The precision, related to the distance of the values of the explicit equations in relation to CW, was determined by the concordance index (d) proposed by Willmott (1981). The values ranged from 0 (without a match) to 1 (perfect match).

The Pearson correlation coefficient (r) allows quantifying the degree of association between the two variables involved in the analysis. The closer to 1, the greater the degree of linear statistical dependence between the variables, and the closer to zero, the lower the strength of that relationship.

The equations were evaluated using the performance index (Id) adapted from Camargo & Sentelhas (1997), whose value is the product of d and r. The criteria for interpreting d, r, Id, and their respective classifications are presented in Table 2.

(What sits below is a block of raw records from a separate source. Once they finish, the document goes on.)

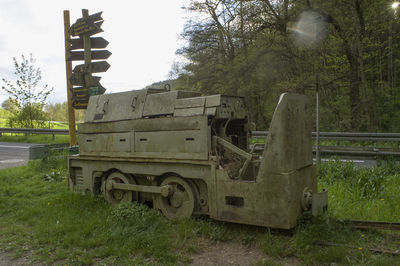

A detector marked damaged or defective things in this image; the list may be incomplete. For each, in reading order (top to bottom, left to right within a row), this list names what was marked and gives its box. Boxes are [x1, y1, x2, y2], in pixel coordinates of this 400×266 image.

rusty mining locomotive [69, 89, 328, 229] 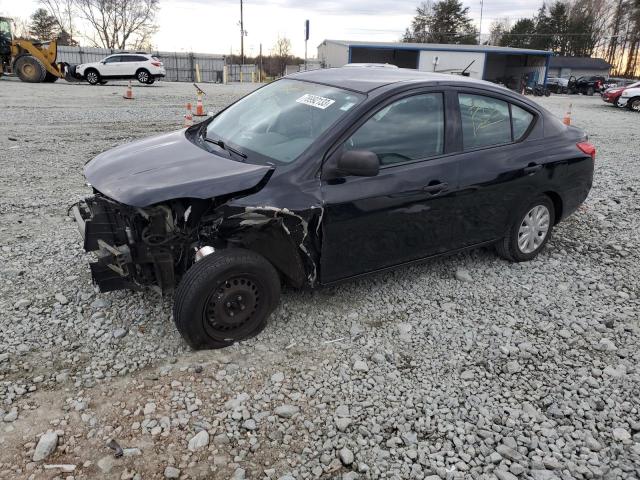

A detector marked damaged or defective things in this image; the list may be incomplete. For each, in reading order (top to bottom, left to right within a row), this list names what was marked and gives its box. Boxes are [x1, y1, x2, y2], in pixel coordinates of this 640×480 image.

damaged front bumper [71, 196, 138, 292]
crumpled hood [84, 129, 272, 206]
damaged black car [70, 67, 596, 348] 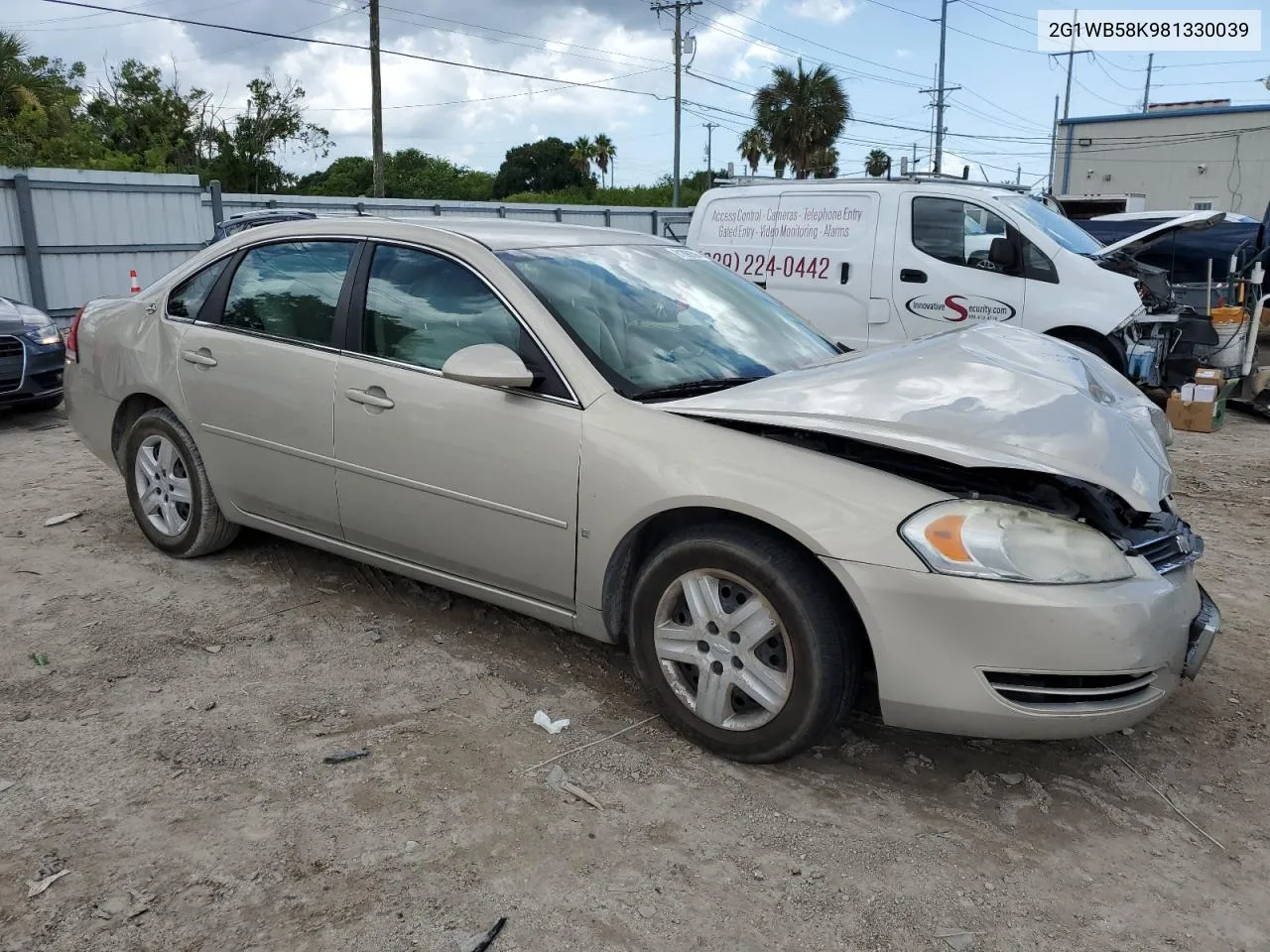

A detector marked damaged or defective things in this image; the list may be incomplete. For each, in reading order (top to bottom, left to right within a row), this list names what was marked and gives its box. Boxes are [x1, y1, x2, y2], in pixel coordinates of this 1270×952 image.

crumpled hood [665, 322, 1168, 515]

Table 2 Criteria for interpreting the concordance index, the precision index, the performance index, and their respective classifications 

Concordance index (d) Correlation coefficient (r) Performance index (Id) Classification
0.95-1.00 0.95-1.00 0.90-1.00 Excellent
0.89-0.95 0.89-0.95 0.80-0.90 Optimum
0.84-0.89 0.84-0.89 0.70-0.80 Very Good
0.77-0.84 0.77-0.84 0.60-0.70 Good
0.71-0.77 0.71-0.77 0.50-0.60 Moderately Good
0.63-0.71 0.63-0.71 0.40-0.50 Moderate
0.55-0.63 0.55-0.63 0.30-0.40 Moderately Poor
0.45-0.55 0.45-0.55 0.20-0.30 Poor
0.32-0.45 0.32-0.45 0.10-0.20 Very Poor
0.00-0.32 0.00-0.32 0.00-0.10 Bad

After sorting the equations that had a performance index rated as “Excellent,” the mean of the relative error (MRE) was calculated. According to Sadeghi et al. (2015), it is a very useful parameter for evaluating practically the most precise model for the estimation of the f.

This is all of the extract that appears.